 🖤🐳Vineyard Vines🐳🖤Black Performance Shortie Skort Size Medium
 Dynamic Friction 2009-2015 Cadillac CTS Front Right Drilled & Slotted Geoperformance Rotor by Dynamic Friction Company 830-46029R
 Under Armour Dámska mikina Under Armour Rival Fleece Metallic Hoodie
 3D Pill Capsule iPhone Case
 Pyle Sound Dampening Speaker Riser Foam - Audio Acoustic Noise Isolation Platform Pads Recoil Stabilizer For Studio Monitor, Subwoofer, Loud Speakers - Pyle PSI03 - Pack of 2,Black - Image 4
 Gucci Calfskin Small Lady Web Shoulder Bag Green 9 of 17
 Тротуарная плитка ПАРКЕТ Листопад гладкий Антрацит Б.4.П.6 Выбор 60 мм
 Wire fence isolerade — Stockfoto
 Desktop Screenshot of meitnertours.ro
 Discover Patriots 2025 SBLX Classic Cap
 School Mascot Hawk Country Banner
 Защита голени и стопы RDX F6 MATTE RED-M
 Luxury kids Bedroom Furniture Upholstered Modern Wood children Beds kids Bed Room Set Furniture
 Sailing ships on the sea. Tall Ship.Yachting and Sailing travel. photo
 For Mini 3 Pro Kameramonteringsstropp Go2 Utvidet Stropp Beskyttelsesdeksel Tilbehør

-*-

_EXERCISE REQUIREMENTS_: Starting from the line containing "Under Armour Dámska", repeat each line through the end of the entries, exactly.

_EXERCISE RESPONSE_:
 Under Armour Dámska mikina Under Armour Rival Fleece Metallic Hoodie
 3D Pill Capsule iPhone Case
 Pyle Sound Dampening Speaker Riser Foam - Audio Acoustic Noise Isolation Platform Pads Recoil Stabilizer For Studio Monitor, Subwoofer, Loud Speakers - Pyle PSI03 - Pack of 2,Black - Image 4
 Gucci Calfskin Small Lady Web Shoulder Bag Green 9 of 17
 Тротуарная плитка ПАРКЕТ Листопад гладкий Антрацит Б.4.П.6 Выбор 60 мм
 Wire fence isolerade — Stockfoto
 Desktop Screenshot of meitnertours.ro
 Discover Patriots 2025 SBLX Classic Cap
 School Mascot Hawk Country Banner
 Защита голени и стопы RDX F6 MATTE RED-M
 Luxury kids Bedroom Furniture Upholstered Modern Wood children Beds kids Bed Room Set Furniture
 Sailing ships on the sea. Tall Ship.Yachting and Sailing travel. photo
 For Mini 3 Pro Kameramonteringsstropp Go2 Utvidet Stropp Beskyttelsesdeksel Tilbehør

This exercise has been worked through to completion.